(EXERCISE INPUTS begins)
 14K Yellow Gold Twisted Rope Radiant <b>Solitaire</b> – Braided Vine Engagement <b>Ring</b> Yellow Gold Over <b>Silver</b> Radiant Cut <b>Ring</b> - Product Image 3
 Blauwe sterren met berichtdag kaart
(EXERCISE INPUTS ends)
(EXERCISE INPUTS begins)
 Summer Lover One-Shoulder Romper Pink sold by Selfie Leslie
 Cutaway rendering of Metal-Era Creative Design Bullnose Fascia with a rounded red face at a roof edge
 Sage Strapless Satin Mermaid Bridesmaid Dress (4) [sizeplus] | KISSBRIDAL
(EXERCISE INPUTS ends)
TASK STATEMENT: Only those lines of the entries above that run from the line containing "14K Yellow Gold" to the line containing "Blauwe sterren met berichtdag kaart", both included, should be transcribed exactly.

OUTPUT FOR THIS EXERCISE:
 14K Yellow Gold Twisted Rope Radiant <b>Solitaire</b> – Braided Vine Engagement <b>Ring</b> Yellow Gold Over <b>Silver</b> Radiant Cut <b>Ring</b> - Product Image 3
 Blauwe sterren met berichtdag kaart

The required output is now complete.